Set down all of the entries below word for word, with the pictures left out.

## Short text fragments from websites
--------------------

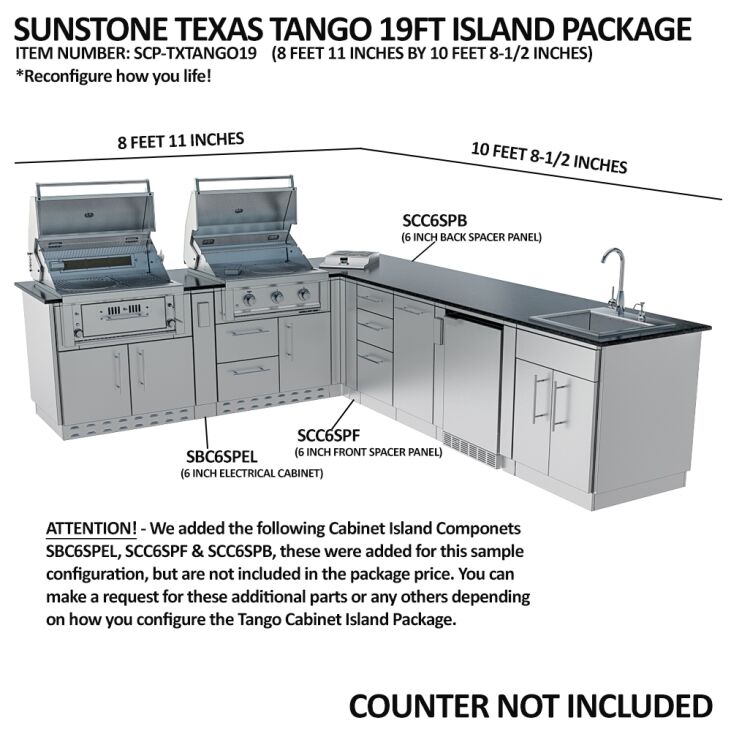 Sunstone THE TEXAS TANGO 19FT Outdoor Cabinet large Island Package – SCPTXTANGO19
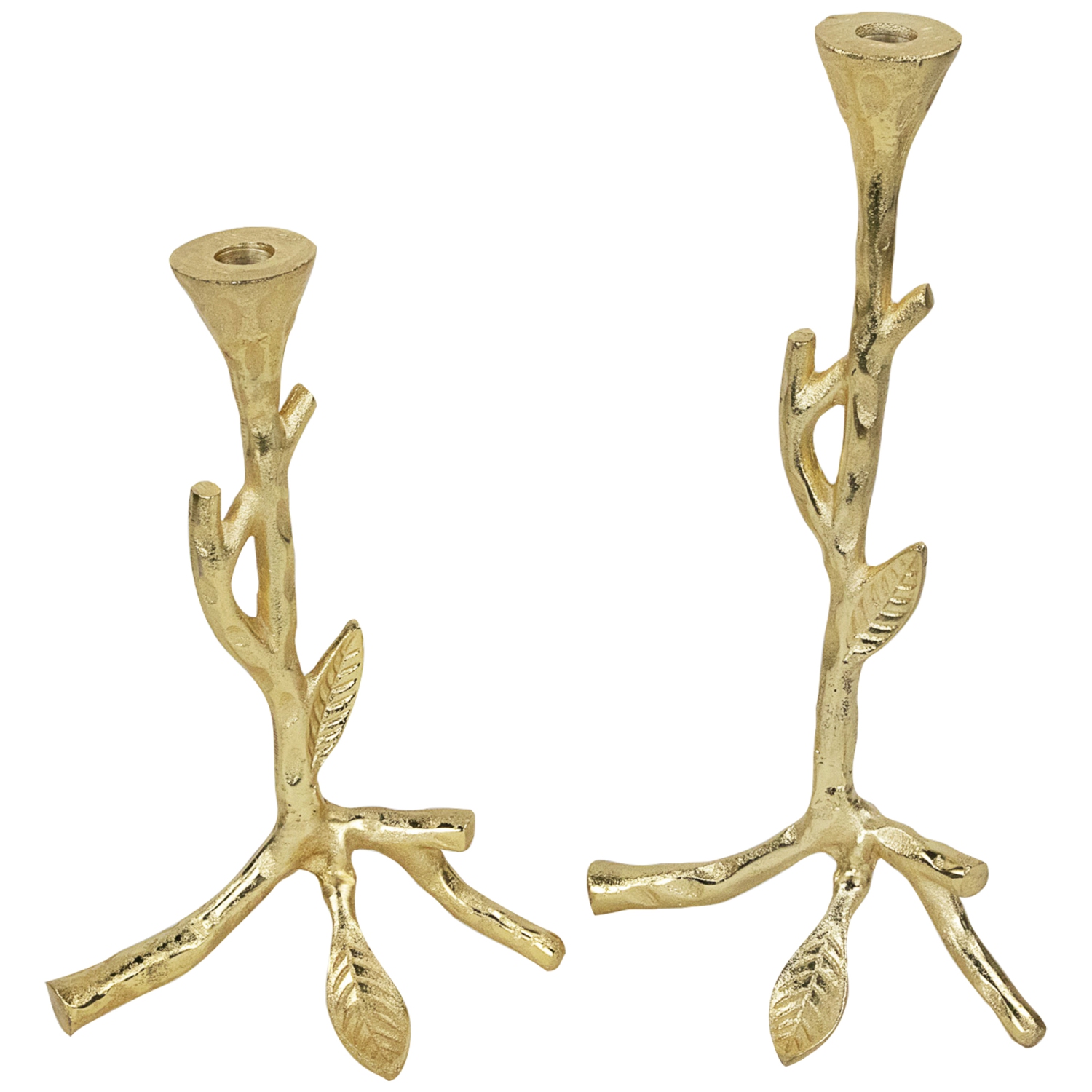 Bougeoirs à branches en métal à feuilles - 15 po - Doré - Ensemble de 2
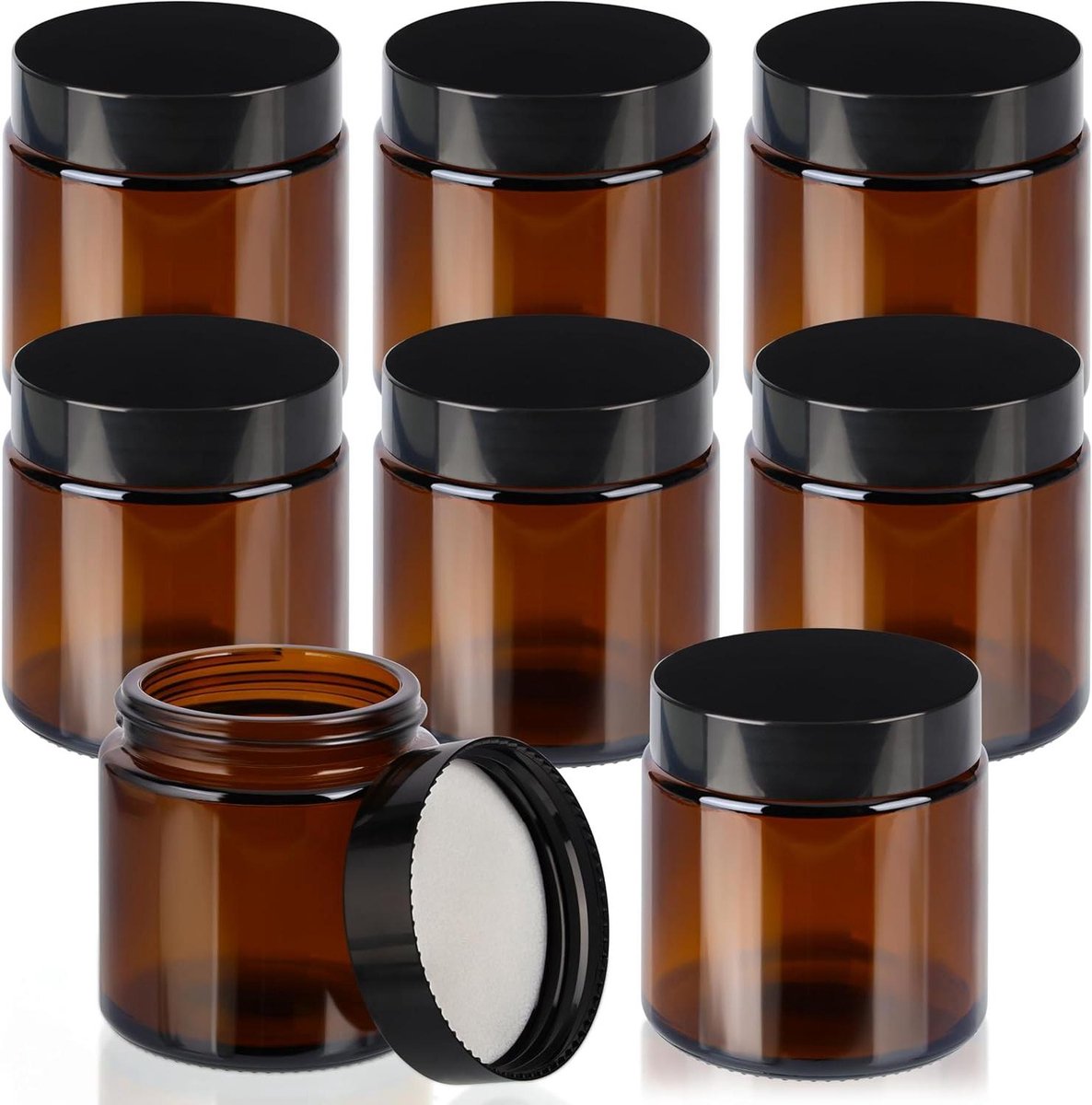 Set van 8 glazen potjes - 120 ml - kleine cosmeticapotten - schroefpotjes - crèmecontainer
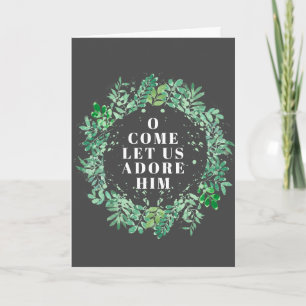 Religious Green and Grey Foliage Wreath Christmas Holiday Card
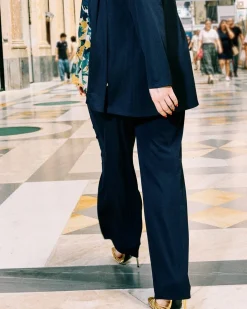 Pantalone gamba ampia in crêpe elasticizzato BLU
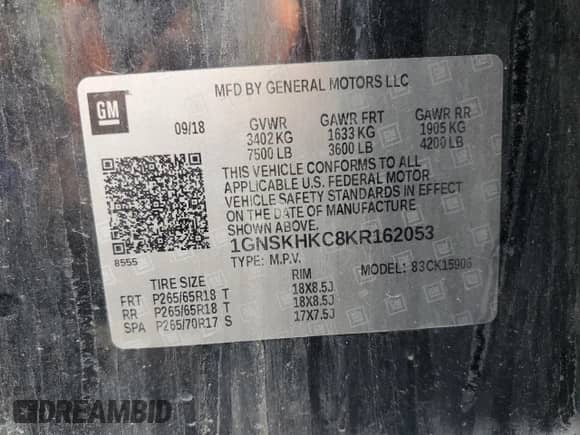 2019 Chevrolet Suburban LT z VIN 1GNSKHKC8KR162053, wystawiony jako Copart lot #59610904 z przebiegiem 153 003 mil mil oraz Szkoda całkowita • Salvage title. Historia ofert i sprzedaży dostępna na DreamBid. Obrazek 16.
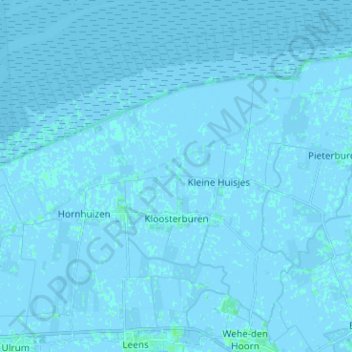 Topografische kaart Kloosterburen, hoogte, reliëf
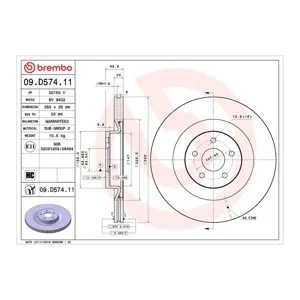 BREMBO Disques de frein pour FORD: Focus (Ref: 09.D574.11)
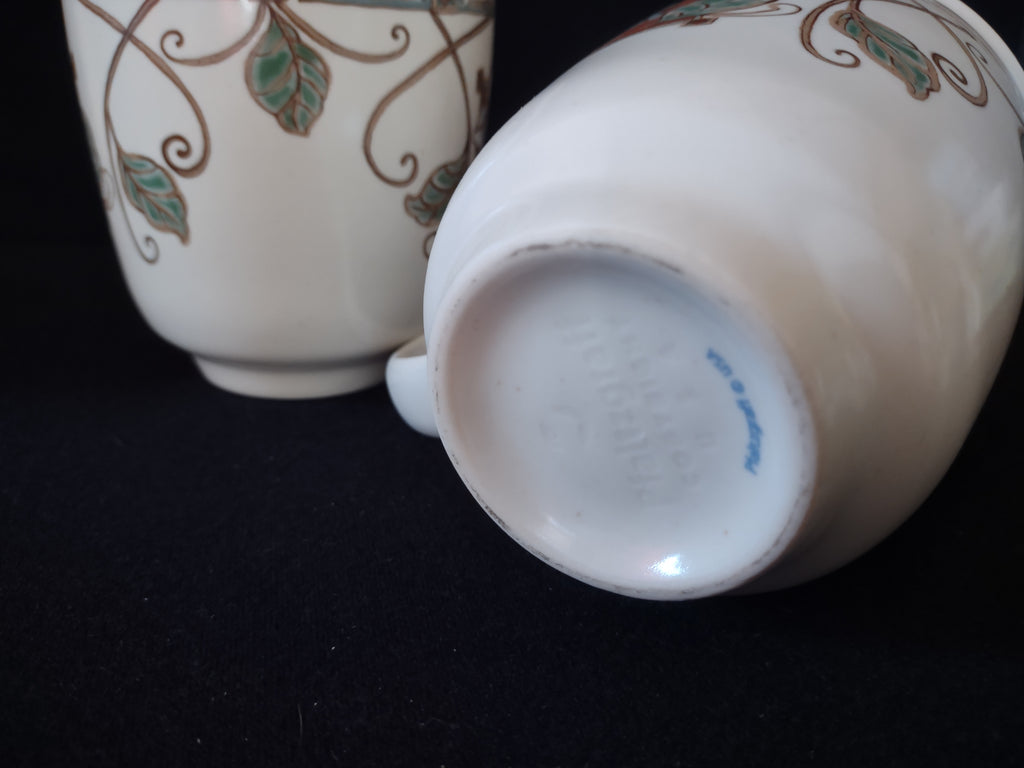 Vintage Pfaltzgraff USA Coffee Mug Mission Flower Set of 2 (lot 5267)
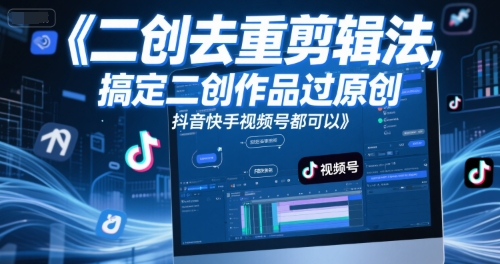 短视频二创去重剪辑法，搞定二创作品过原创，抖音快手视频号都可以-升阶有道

--------------------

## Task output
 Sunstone THE TEXAS TANGO 19FT Outdoor Cabinet large Island Package – SCPTXTANGO19
 Bougeoirs à branches en métal à feuilles - 15 po - Doré - Ensemble de 2
 Set van 8 glazen potjes - 120 ml - kleine cosmeticapotten - schroefpotjes - crèmecontainer
 Religious Green and Grey Foliage Wreath Christmas Holiday Card
 Pantalone gamba ampia in crêpe elasticizzato BLU
 2019 Chevrolet Suburban LT z VIN 1GNSKHKC8KR162053, wystawiony jako Copart lot #59610904 z przebiegiem 153 003 mil mil oraz Szkoda całkowita • Salvage title. Historia ofert i sprzedaży dostępna na DreamBid. Obrazek 16.
 Topografische kaart Kloosterburen, hoogte, reliëf
 BREMBO Disques de frein pour FORD: Focus (Ref: 09.D574.11)
 Vintage Pfaltzgraff USA Coffee Mug Mission Flower Set of 2 (lot 5267)
 短视频二创去重剪辑法，搞定二创作品过原创，抖音快手视频号都可以-升阶有道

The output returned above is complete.